### AIM OF THE EXERCISE
Return every line of the records below verbatim, with no pictures in the copy.

══════

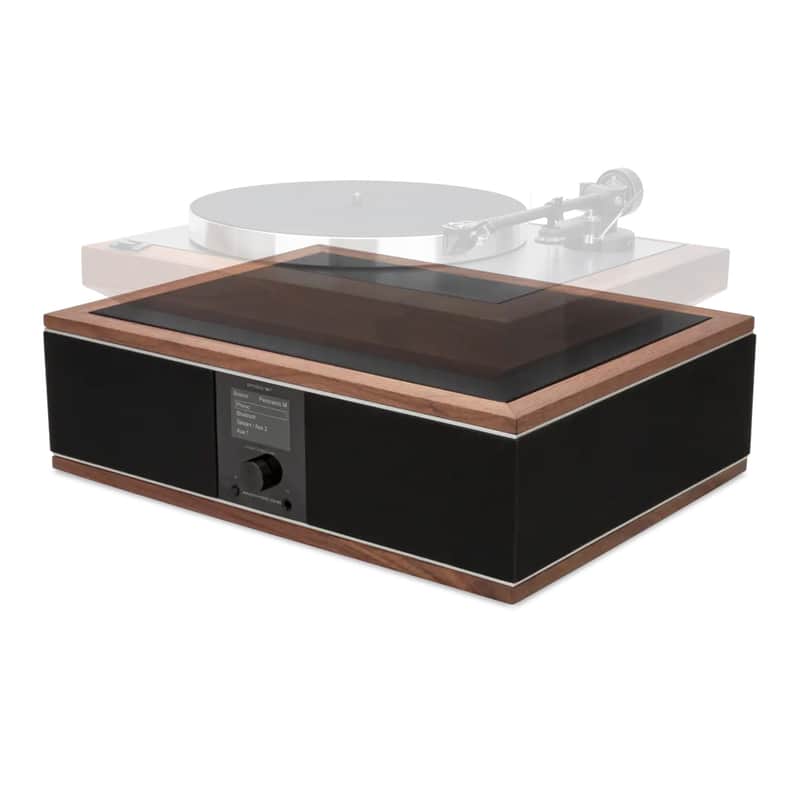 Andover Audio: Andover-One SB Turntable Speaker Base image 1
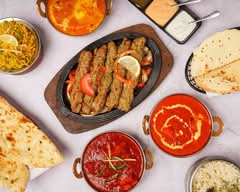 Masala ‘N’ Curry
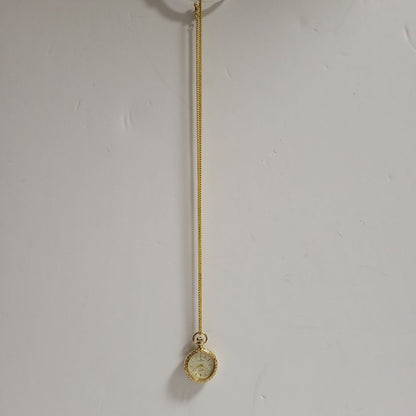 Tenshodo Analog Quartz Women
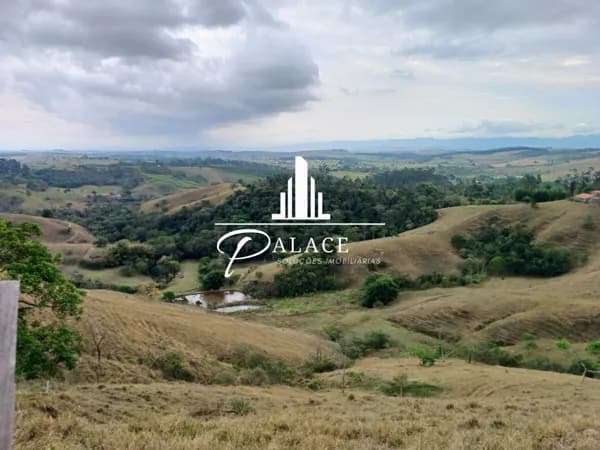 Área à venda, 484000 m² por R$ 2.200.000 - Chácara Germana - Caçapava/SP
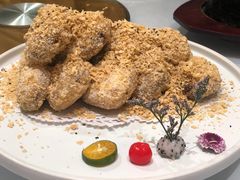 -百富源·海鲜辽菜(和平北大街店)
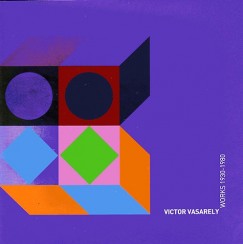 M. John Cunningham - Victor Vasarely Works 1930_1980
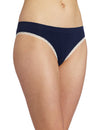 Barely There Women's Custom Flex Fit Microfiber Cheeky Panty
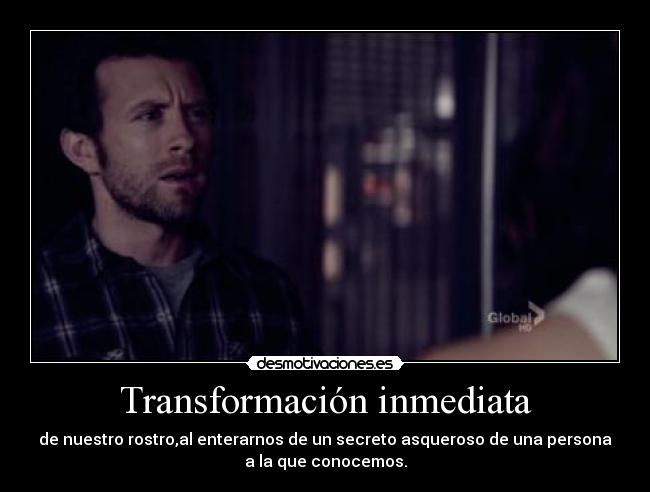 carteles bones jack hodgins transformacion secretos desmotivaciones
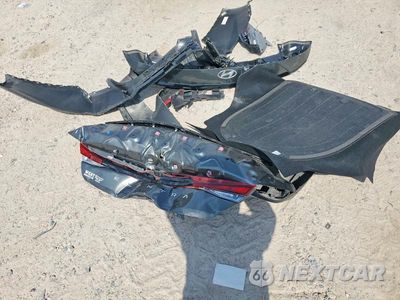 Zdjęcie 12 z 13 samochodu: 2025 HYUNDAI ELANTRA SEL SPORT VIN:KMHLM4DG5SU928930 - miniatura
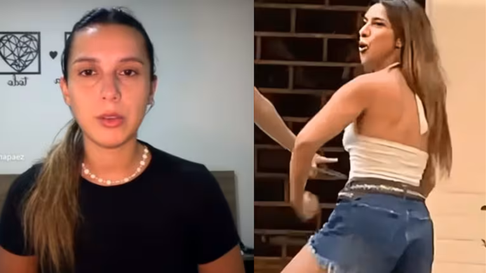 La abogada detenida durante el mes de enero será liberada mientras avanza la causa. La abogada detenida durante el mes de enero será liberada mientras avanza la causa.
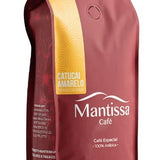 Café em Grãos Especial Mantissa Catuai Amarelo - 500g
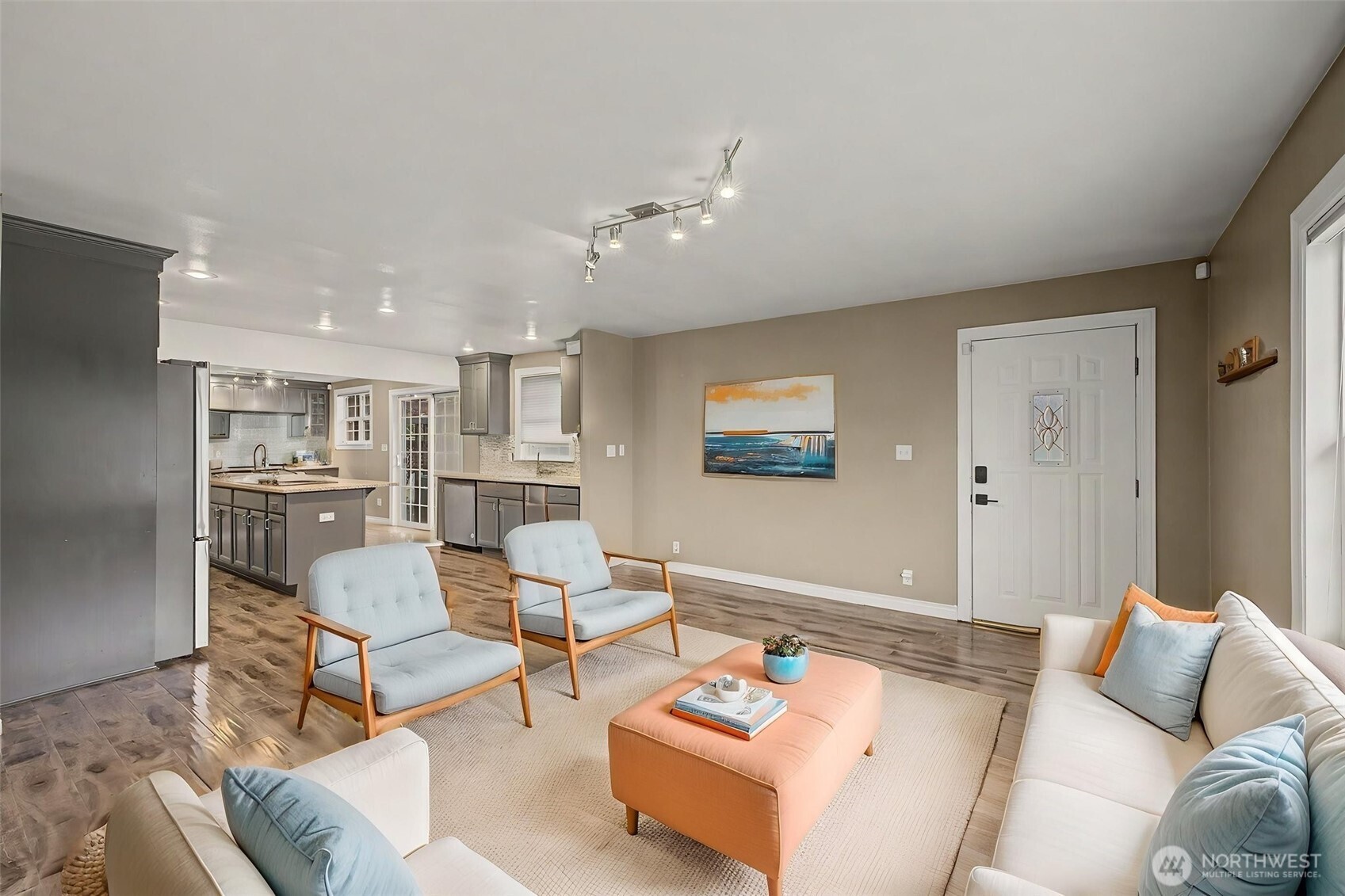 2502 NE 7th Street , Renton, WA 98056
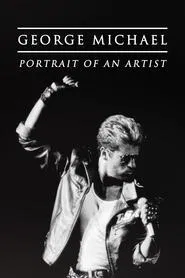 Poster do filme George Michael: Portrait of an Artist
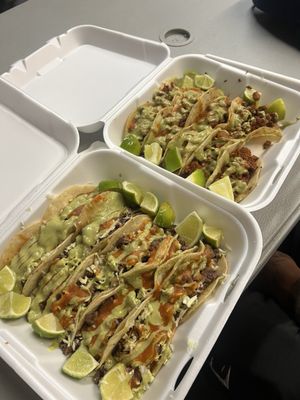 Charlie's Tacos by null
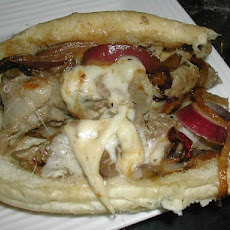 Sonny's Steak Hoagies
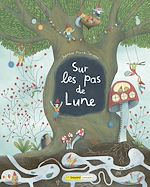 Télécharger le livre :  Sur les pas de Lune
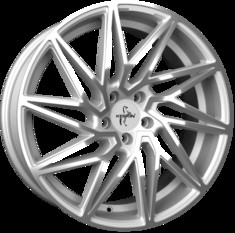 Keskin Tuning KT20 SILVER_FRONT_POLISH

══════

### OUTPUT BELOW
 Andover Audio: Andover-One SB Turntable Speaker Base image 1
 Masala ‘N’ Curry
 Tenshodo Analog Quartz Women
 Área à venda, 484000 m² por R$ 2.200.000 - Chácara Germana - Caçapava/SP
 -百富源·海鲜辽菜(和平北大街店)
 M. John Cunningham - Victor Vasarely Works 1930_1980
 Barely There Women's Custom Flex Fit Microfiber Cheeky Panty
 carteles bones jack hodgins transformacion secretos desmotivaciones
 Zdjęcie 12 z 13 samochodu: 2025 HYUNDAI ELANTRA SEL SPORT VIN:KMHLM4DG5SU928930 - miniatura
 La abogada detenida durante el mes de enero será liberada mientras avanza la causa. La abogada detenida durante el mes de enero será liberada mientras avanza la causa.
 Café em Grãos Especial Mantissa Catuai Amarelo - 500g
 2502 NE 7th Street , Renton, WA 98056
 Poster do filme George Michael: Portrait of an Artist
 Charlie's Tacos by null
 Sonny's Steak Hoagies
 Télécharger le livre :  Sur les pas de Lune
 Keskin Tuning KT20 SILVER_FRONT_POLISH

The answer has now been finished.